In [1]:
import os
import torch
from pathlib import Path

os.environ['PYTORCH_ENABLE_MPS_FALLBACK'] = '1'
torch.serialization.add_safe_globals(['TTS.tts.models.xtts.XttsAudioConfig'])

BASE_DIR = r"C:\Users\ASUS\Desktop\Andes\Maestria\ANTI-SPOOF\Latin_America_Spanish_anti_spoofing_dataset\FinalDataset_16khz\Real"
OUTPUT_DIR = "data/coqui"

COUNTRIES = ["Argentina", "Chile", "Colombia", "Peru", "Venezuela"]

print(f"GPU Available: {torch.cuda.is_available()}")
if torch.cuda.is_available():
    print(f"GPU Name: {torch.cuda.get_device_name(0)}")
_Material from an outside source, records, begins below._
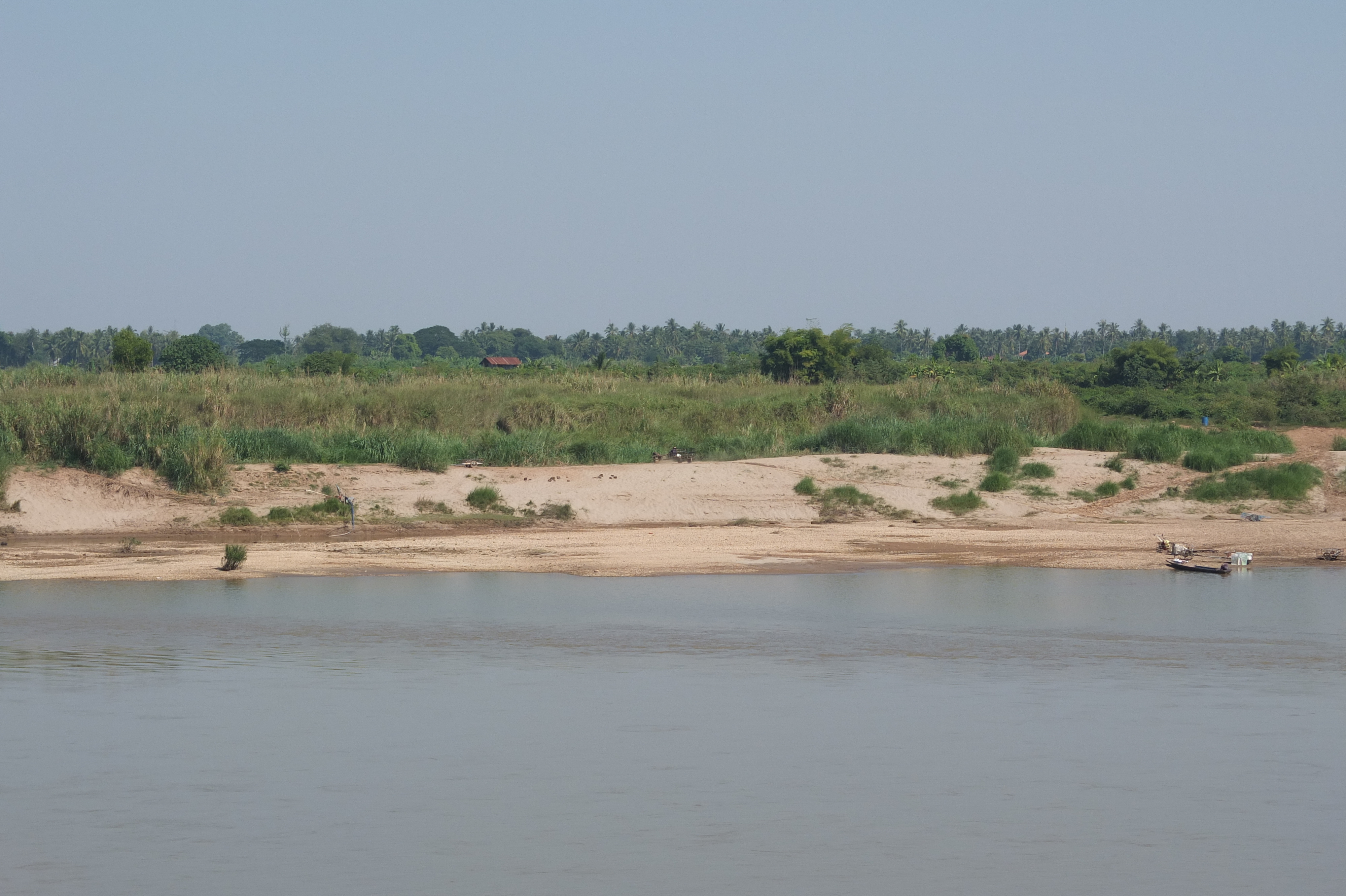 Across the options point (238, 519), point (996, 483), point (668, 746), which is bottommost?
point (668, 746)

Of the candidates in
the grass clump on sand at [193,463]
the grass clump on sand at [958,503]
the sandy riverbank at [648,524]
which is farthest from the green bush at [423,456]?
the grass clump on sand at [958,503]

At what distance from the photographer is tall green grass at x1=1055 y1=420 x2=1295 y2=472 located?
80.7 feet

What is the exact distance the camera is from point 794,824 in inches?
305

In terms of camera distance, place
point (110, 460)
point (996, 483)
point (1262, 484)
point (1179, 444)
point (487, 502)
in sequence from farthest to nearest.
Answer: point (1179, 444)
point (996, 483)
point (1262, 484)
point (487, 502)
point (110, 460)

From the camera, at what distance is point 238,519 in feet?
68.1

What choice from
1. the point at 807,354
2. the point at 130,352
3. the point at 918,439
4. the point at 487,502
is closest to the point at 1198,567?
the point at 918,439

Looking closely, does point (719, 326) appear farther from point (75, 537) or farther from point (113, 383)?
point (75, 537)

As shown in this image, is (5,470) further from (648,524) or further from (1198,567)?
(1198,567)

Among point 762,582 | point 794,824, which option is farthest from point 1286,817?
point 762,582

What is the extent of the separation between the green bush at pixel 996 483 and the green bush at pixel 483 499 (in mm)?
7827

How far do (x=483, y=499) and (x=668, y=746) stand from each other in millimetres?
13268

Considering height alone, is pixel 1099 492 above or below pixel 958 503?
above

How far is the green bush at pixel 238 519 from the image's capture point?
68.0 ft

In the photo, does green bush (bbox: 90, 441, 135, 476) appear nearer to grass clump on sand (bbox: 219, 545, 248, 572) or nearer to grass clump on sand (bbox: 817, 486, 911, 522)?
grass clump on sand (bbox: 219, 545, 248, 572) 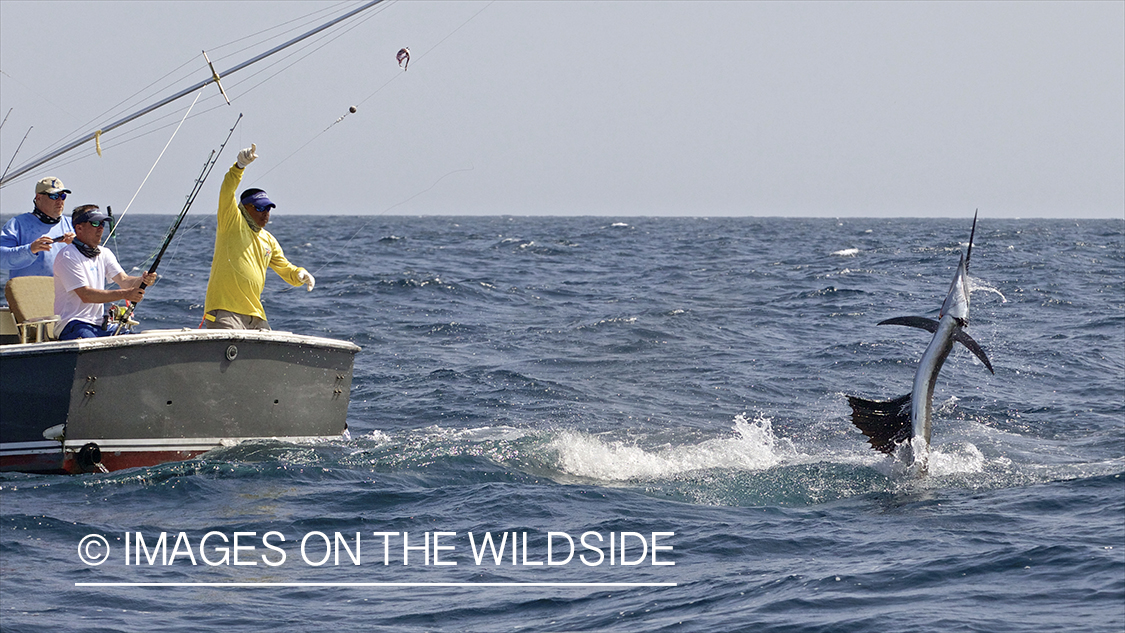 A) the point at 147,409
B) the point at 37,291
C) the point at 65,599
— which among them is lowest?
the point at 65,599

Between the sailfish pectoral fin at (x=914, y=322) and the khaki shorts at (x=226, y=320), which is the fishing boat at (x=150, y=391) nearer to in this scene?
the khaki shorts at (x=226, y=320)

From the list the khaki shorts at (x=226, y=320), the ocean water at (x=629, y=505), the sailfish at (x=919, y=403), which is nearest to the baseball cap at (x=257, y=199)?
the khaki shorts at (x=226, y=320)

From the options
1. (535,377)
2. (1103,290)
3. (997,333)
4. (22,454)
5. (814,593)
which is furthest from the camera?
(1103,290)

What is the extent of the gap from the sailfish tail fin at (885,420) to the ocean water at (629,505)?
347 millimetres

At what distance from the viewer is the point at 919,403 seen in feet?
28.1

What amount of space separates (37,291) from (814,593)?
644 centimetres

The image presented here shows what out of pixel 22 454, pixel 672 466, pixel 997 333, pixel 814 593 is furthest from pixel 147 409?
pixel 997 333

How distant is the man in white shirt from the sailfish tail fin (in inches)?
207

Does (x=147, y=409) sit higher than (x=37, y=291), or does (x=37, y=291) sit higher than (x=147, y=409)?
(x=37, y=291)

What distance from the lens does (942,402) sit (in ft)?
42.2

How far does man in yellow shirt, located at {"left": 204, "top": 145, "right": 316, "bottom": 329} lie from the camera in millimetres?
9352

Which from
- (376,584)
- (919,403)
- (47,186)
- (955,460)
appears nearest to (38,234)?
(47,186)

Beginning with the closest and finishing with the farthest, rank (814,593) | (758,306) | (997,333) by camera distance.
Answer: (814,593)
(997,333)
(758,306)

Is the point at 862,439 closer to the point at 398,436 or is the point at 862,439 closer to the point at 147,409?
the point at 398,436
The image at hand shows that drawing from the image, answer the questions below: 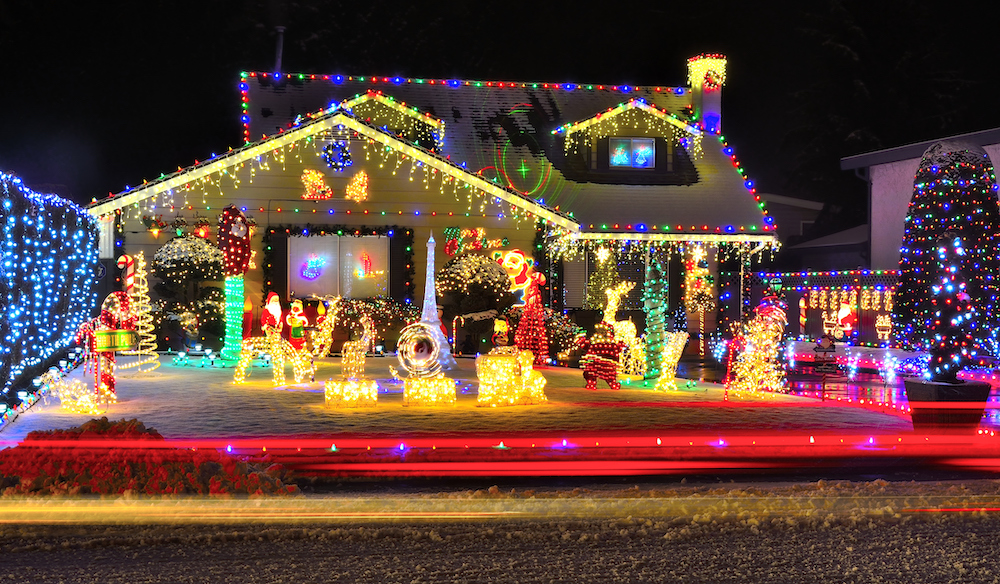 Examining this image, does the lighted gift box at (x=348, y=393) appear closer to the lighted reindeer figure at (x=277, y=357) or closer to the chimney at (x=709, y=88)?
the lighted reindeer figure at (x=277, y=357)

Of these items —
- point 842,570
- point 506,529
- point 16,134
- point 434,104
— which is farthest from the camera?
point 16,134

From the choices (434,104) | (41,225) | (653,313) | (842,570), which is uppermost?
(434,104)

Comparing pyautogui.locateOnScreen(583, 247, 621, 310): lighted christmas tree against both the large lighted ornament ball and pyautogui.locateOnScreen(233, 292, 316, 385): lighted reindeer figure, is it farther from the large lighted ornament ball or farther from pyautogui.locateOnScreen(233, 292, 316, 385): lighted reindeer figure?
the large lighted ornament ball

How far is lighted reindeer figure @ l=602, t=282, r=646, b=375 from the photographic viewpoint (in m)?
15.9

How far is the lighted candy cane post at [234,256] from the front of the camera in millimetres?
17500

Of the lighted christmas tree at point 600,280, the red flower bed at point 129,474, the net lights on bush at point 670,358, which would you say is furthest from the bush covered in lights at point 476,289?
the red flower bed at point 129,474

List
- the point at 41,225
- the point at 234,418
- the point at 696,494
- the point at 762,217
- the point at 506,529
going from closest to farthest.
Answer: the point at 506,529
the point at 696,494
the point at 234,418
the point at 41,225
the point at 762,217

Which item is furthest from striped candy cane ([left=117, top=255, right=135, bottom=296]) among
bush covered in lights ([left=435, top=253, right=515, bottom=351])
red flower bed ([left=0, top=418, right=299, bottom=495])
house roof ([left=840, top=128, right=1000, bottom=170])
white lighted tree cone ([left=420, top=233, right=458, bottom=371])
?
house roof ([left=840, top=128, right=1000, bottom=170])

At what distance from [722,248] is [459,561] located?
2074 cm

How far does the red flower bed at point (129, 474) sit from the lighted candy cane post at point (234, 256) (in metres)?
9.76

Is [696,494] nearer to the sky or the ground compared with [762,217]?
nearer to the ground

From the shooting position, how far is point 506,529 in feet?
21.8

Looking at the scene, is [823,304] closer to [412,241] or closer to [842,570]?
[412,241]

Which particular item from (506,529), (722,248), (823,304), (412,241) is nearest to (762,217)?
(722,248) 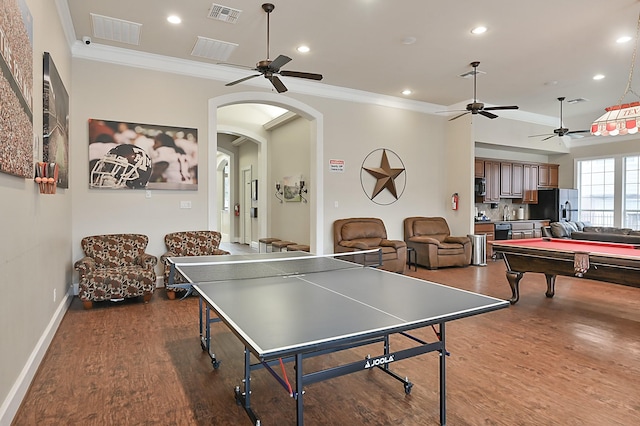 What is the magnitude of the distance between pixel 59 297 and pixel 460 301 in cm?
400

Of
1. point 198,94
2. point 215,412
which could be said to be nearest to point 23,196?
point 215,412

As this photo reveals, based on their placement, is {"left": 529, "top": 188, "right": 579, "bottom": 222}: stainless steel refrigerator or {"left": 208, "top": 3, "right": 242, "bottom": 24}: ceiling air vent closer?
{"left": 208, "top": 3, "right": 242, "bottom": 24}: ceiling air vent

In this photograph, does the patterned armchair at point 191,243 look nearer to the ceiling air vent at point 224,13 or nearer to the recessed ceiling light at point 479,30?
the ceiling air vent at point 224,13

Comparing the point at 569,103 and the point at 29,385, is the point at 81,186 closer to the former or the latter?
the point at 29,385

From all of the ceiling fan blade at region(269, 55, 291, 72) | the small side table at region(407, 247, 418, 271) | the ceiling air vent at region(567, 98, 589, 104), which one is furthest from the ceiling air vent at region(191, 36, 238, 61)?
the ceiling air vent at region(567, 98, 589, 104)

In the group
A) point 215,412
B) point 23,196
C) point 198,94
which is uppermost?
point 198,94

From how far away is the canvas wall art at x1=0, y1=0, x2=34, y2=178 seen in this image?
1987 millimetres

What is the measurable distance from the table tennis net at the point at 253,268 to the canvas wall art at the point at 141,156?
2782mm

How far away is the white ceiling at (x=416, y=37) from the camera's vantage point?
163 inches

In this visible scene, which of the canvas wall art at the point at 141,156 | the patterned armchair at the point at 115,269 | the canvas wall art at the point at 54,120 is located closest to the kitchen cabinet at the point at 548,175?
the canvas wall art at the point at 141,156

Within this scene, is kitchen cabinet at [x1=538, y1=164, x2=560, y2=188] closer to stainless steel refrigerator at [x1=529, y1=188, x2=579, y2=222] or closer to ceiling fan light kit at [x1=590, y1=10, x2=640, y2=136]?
stainless steel refrigerator at [x1=529, y1=188, x2=579, y2=222]

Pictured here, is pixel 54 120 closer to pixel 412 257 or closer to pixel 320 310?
pixel 320 310

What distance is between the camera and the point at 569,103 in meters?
8.00

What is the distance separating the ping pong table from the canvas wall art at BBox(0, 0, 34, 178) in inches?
46.2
def get_first_audio_from_country(country_path):
    try:
        for root, dirs, files in os.walk(country_path):
            wav_files = [f for f in files if f.endswith('.wav')]
            if wav_files:
                return os.path.join(root, wav_files[0])
        
        print(f"No wav files found in {country_path}")
        return None
    except Exception as e:
        print(f"Error searching in {country_path}: {str(e)}")
        return None


def clone_with_coqui(audio_path, output_path):
    try:
        from TTS.api import TTS
        import whisper
        
        print(f"Loading Coqui TTS model...")
        tts = TTS("tts_models/multilingual/multi-dataset/xtts_v2").to("cuda" if torch.cuda.is_available() else "cpu")
        
        audio_path = os.path.normpath(audio_path)
        output_path = os.path.normpath(output_path)
        
        print(f"Transcribing audio: {audio_path}")
        model = whisper.load_model("base")
        result = model.transcribe(audio_path, language="es")
        text = result["text"].strip()
        print(f"Text: {text}")
        
        print(f"Cloning voice...")
        os.makedirs(os.path.dirname(output_path), exist_ok=True)
        
        tts.tts_to_file(
            text=text,
            speaker_wav=audio_path,
            language="es",
            file_path=output_path
        )
        
        print(f"Saved: {output_path}")
        return True
        
    except Exception as e:
        print(f"Error: {str(e)}")
        import traceback
        print(traceback.format_exc())
        return False


def main():
    print("=" * 70)
    print("COQUI XTTS-V2 VOICE CLONING TEST")
    print("=" * 70)
    
    results = []
    
    for country in COUNTRIES:
        print(f"\nProcessing country: {country}")
        print("-" * 70)
        
        country_path = os.path.join(BASE_DIR, country)
        
        if not os.path.exists(country_path):
            print(f"Country folder not found: {country_path}")
            results.append((country, "Not found", None))
            continue
        
        audio_path = get_first_audio_from_country(country_path)
        
        if audio_path is None:
            results.append((country, "No audio", None))
            continue
        
        filename = os.path.basename(audio_path)
        output_path = os.path.join(OUTPUT_DIR, country.lower(), f"clone_{filename}")
        
        success = clone_with_coqui(audio_path, output_path)
        
        if success:
            results.append((country, "Success", output_path))
        else:
            results.append((country, "Failed", None))
    
    print("\n" + "=" * 70)
    print("RESULTS SUMMARY")
    print("=" * 70)
    
    for country, status, path in results:
        print(f"{country:15} | {status:15} | {path if path else 'N/A'}")
    
    successful = sum(1 for _, status, _ in results if status == "Success")
    print(f"\nTotal successful: {successful}/{len(results)}")
    print(f"Output directory: {OUTPUT_DIR}/")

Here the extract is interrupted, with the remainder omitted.